It's not so difficult to show a list of the current visitors. There are modules for that, and the code isn't too difficult to bake yourself.
But is it also possible to have a list of the current visitors PLUS the pages (oh well, the nodes) they are visiting??? If so, of course: how???

Comments

mtsanford’s picture

I wrote a module that does something similar that involves tracking user's node visits.

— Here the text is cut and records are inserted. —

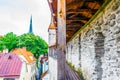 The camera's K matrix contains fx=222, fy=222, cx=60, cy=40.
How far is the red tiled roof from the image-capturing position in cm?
1698

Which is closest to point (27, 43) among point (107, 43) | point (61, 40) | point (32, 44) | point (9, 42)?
point (32, 44)

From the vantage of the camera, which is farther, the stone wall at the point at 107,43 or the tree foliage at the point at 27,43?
the tree foliage at the point at 27,43

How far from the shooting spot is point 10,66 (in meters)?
18.2

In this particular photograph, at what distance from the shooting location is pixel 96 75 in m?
5.43

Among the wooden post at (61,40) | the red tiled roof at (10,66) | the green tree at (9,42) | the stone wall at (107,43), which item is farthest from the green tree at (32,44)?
the wooden post at (61,40)

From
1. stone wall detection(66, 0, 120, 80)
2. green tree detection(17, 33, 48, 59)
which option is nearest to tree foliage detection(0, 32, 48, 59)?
green tree detection(17, 33, 48, 59)

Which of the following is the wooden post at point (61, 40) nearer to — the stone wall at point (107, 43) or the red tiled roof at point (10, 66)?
the stone wall at point (107, 43)

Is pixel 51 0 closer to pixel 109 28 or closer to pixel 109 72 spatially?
pixel 109 28

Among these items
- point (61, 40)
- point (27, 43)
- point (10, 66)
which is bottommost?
point (10, 66)

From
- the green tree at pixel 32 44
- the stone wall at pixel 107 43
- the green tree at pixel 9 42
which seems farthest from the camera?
the green tree at pixel 9 42

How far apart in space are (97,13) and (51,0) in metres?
1.68

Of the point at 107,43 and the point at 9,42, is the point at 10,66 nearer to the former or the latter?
the point at 107,43

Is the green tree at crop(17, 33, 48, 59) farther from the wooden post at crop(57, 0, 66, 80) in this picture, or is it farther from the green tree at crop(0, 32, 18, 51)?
the wooden post at crop(57, 0, 66, 80)

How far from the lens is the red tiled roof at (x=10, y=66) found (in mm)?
16984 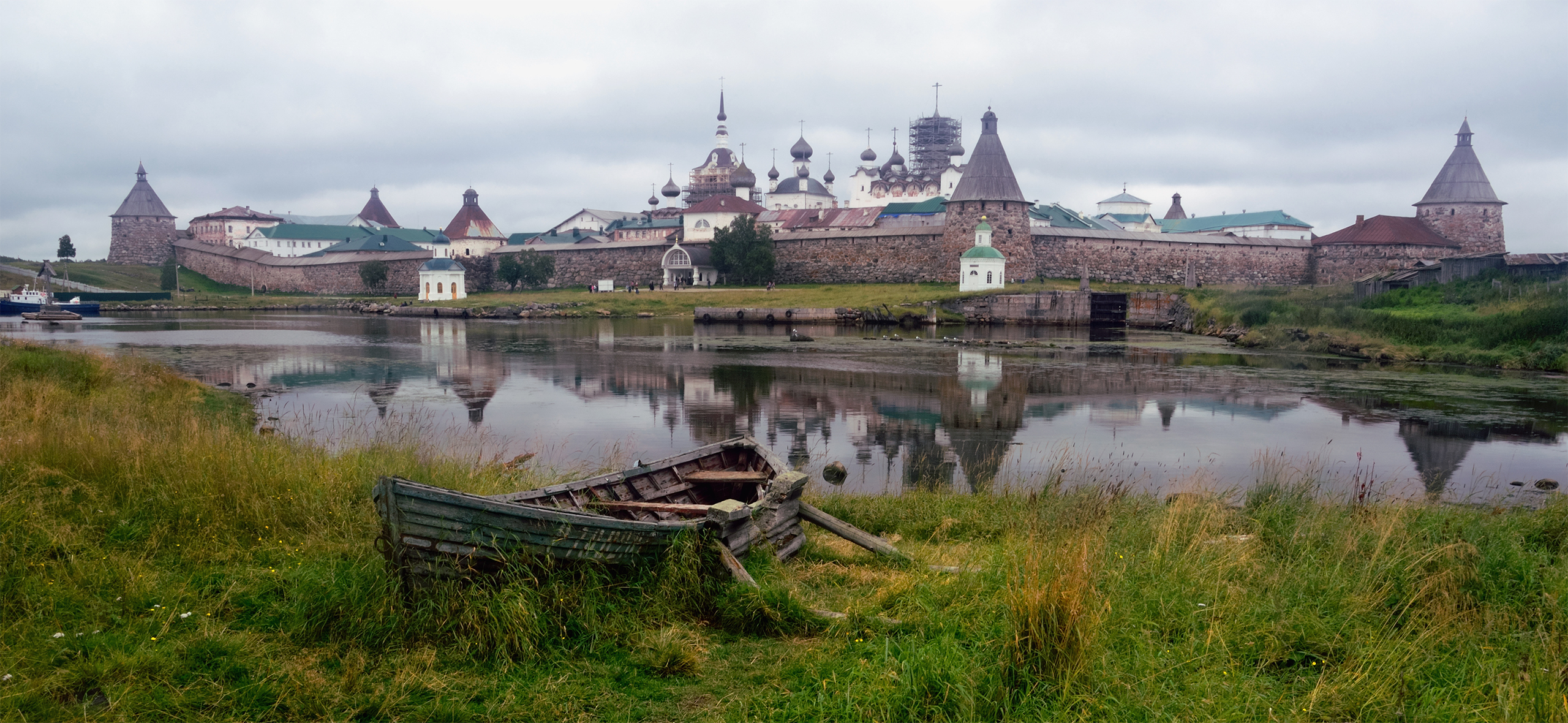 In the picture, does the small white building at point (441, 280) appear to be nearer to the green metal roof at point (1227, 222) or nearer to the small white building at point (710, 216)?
the small white building at point (710, 216)

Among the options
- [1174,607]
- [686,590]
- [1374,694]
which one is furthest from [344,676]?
[1374,694]

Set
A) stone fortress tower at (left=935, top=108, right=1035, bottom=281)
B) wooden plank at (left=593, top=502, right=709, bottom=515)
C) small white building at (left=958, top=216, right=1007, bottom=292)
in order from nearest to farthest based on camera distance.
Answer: wooden plank at (left=593, top=502, right=709, bottom=515) → small white building at (left=958, top=216, right=1007, bottom=292) → stone fortress tower at (left=935, top=108, right=1035, bottom=281)

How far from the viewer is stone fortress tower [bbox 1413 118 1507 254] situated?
48.7 metres

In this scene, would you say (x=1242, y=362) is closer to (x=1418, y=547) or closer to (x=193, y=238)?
(x=1418, y=547)

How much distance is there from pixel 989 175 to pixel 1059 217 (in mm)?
10213

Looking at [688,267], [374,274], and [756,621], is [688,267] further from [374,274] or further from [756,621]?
[756,621]

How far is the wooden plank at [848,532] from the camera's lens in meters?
6.36

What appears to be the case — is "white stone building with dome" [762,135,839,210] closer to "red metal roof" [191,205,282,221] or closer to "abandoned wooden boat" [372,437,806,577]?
"red metal roof" [191,205,282,221]

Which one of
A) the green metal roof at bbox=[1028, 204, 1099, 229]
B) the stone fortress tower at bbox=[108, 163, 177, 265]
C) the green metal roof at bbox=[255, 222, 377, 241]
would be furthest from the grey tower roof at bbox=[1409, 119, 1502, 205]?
the stone fortress tower at bbox=[108, 163, 177, 265]

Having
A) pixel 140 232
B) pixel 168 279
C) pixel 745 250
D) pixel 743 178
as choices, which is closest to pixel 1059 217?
pixel 745 250

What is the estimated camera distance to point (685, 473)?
6.99m

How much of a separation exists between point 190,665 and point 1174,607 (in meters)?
4.39

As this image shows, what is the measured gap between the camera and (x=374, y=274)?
60719 mm

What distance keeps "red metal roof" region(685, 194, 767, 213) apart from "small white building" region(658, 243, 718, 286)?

Basically you need a module to stash away the last visited page for each user in a table. The crux of it is this:

/**
 *  hook_init()
 *  Keep track of the last node visited by each user
 */
 function user_sync_init() {
  global $user;

  /** 
     * IGNORE FRONT PAGE LOADS
     * Some modules may be buggy and cause the browser to fetch the root document rather than a file
     *  Drual will reroute that to the <front> page, causing an eroneous page load.
     *  we do not want to register that as a page visit...
     */
  if (empty($_SERVER['QUERY_STRING'])) {
    return;
  }
  
  /** 
     * IGNORE PREFETCH!
     * Prefetch is a cool firefox feature, but messes things up when there is a <link rel="next"> tag created by
     *  modules like 'book' 
     * !TODO other browsers support prefetch?
     */
  if (strcmp ($_SERVER['HTTP_X_MOZ'], 'prefetch') == 0)
    return;
  
  $matches = array();
  if (preg_match('/^node\/([0-9]+)$/', $GLOBALS['_GET']['q'], $matches)) {
    if (user_is_logged_in()) {
        $result = db_query("SELECT * FROM {user_sync_nodes} WHERE uid = %d", $user->uid);
        if (($follow_rec = db_fetch_object($result)) == FALSE) {
          // The user does not have a record yet.  Create one.
          $follow_rec = new stdClass();
          $follow_rec->uid = $user->uid;
          drupal_write_record('user_sync_nodes', $follow_rec);
        }
        $follow_ok = $follow_rec->allow_follow;
        
        if ($follow_ok) {
          $follow_rec->nid = (int)$matches[1];
          drupal_write_record('user_sync_nodes', $follow_rec, 'uid');
        }

      }
  }
}

nevets’s picture

If you only care about node visits a simpler approach would be to use hook_nodeapi and the case where $op = 'view' since it gets rid of the path parsing.

mtsanford’s picture

The problem with this is that other nodes can be loaded on the same page load (through views, etc.), and you don't know if it's for the main content or not.

nevets’s picture

The last parameter tell you if it's a page load. And if you don't trust it you can always compare $node->nid to arg(1).

mtsanford’s picture

Ah, indeed.

You'll still need to check for page prefetching by the browser (only firefox as far as I know).